Ein Milligramm Weisheit
Das Leben, das die Gletscher bevölkert.
Ich liebe diese Kälte, die bis in die Knochen oder in das Exoskelett eindringt... Ein Spiel, ein Tanz, ein Leben, ein Atemzug. Ich heiße Diamesa zernyi, Eisfliege für die Kenner. Ich bin ganz klein, aber wer mich sieht, verliebt sich! Wegen meiner zarten Flügelchen und meinem Schnäuzchen - den großen Augen, den Fühlern... Man braucht eine gute Lupe, um mich in meiner ganzen Pracht zu bewundern.
Wirklich faszinierend ist jedoch meine Lebensweise: Ich lebe nicht nur problemlos bei Temperaturen unter Null, sondern ich kann sogar einfrieren und die Zeit anhalten. Meine Larve kann monatelang völlig eingefroren in einem Zustand des Winterschlafs verharren -und dann wieder erwachen, als wäre nichts geschehen
Das ist sehr faszinierend, ich wiege weniger als ein Milligramm. Interessant bin ich auch wegen der Frostschutzproteine, die ich produziere, um extremer Kälte zu widerstehen. Sie ähneln denen der antarktischen Fische. Die Wissenschaft beginnt gerade erst zu verstehen, wie nützlich sie sein können. Sie kommen in allen Gletschern vor, aber nur wir Gletscherinsekten wissen, wie wir sie am besten nutzen können.
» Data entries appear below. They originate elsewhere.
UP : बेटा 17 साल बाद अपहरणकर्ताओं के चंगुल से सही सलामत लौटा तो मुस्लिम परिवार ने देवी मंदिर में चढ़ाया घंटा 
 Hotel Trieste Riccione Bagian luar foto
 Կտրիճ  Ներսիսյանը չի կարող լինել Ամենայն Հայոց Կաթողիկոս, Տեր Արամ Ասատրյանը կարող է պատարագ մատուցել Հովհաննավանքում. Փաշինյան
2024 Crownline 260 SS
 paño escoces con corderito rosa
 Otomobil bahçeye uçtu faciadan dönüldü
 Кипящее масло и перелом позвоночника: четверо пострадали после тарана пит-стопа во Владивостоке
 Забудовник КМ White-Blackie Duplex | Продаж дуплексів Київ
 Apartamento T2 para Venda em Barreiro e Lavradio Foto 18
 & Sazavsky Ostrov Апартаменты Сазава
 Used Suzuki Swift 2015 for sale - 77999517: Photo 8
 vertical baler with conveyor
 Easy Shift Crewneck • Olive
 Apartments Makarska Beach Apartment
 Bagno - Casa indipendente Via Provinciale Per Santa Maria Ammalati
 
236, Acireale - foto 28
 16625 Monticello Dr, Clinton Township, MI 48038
In letzter Zeit hat jedoch die Wärme begonnen, mich zu quälen. Ich erkenne gewisse Orte nicht mehr, die ich einst aufgesucht habe, um Erholung zu suchen oder einfach nur eine Weile eingefroren zu überwintern. Früher war dort Eis, jetzt nicht mehr. Das kann ich mir nicht erklären. Haben sich die Menschen vielleicht Sorgen um mich gemacht, dass es mir zu kalt sein könnte, und versucht, die Berge zu erwärmen? "Nein, nein, bitte tut das nicht!" .
Die Gletscher ziehen sich zurück. Wenn das Wasser zu warm wird, überlebe ich nicht. Die Arten, die früher im Tal lebten, weichen jetzt auf der Suche nach Frische in größere Höhen aus - wie jene, die aus Rom oder Mailand ins Trentino kommen, denn wer will schon dort bleiben und zergehen, wie ein geschmolzenes Eis inmitten von Beton? Und ich, zusammen mit allen Freunden - Bakterien, Larven, Insekten, Spinnen und anderen kleinen Lebewesen, die die Gletscher bewohnen - habe meine Koffer gepackt und mich auf den Weg nach oben gemacht. Nur schade, dass die Berge einen Gipfel haben, und wenn sein Ende erreicht ist, geht es nicht mehr weiter nach oben. Gipfelfalle wird das genannt! Ein schöner Reinfall! Es stand in den Fußnoten zur globalen Erwärmung, doch diese Klauseln bekam ich nicht zu lesen. Übrigens hat mich ja niemand gefragt, bevor sie begannen, den Planeten zu überhitzen, auf dem zufällig auch ich lebe.
Wir Gletscherkreaturen sind ganz zahlreich, viel mehr als man sich vorstellen kann. Wir haben gelernt, zu überleben, wo kein anderer überleben kann, wir sind hoch spezialisiert. Nur weil wir klein sind, sind wir nicht unwichtig, ganz im Gegenteil! Jedes Lebewesen spielt eine grundlegende und unersetzliche Rolle im Ökosystem. Alle Ökosysteme hängen miteinander zusammen. Mit dem Verschwinden des Gletschers zerbricht das ökologische Netz, das meine Existenz möglich gemacht hat. Verzeihen Sie mir, wenn ich pingelig bin, aber ich habe überhaupt keine Lust zu verschwinden.
Ich mag nur eine Mücke sein, fast unsichtbar im Rausch der Normalität, aber dieses Milligramm meiner Weisheit ist ein Geschenk, solange es existiert, für mich, für den Planeten und für uns alle.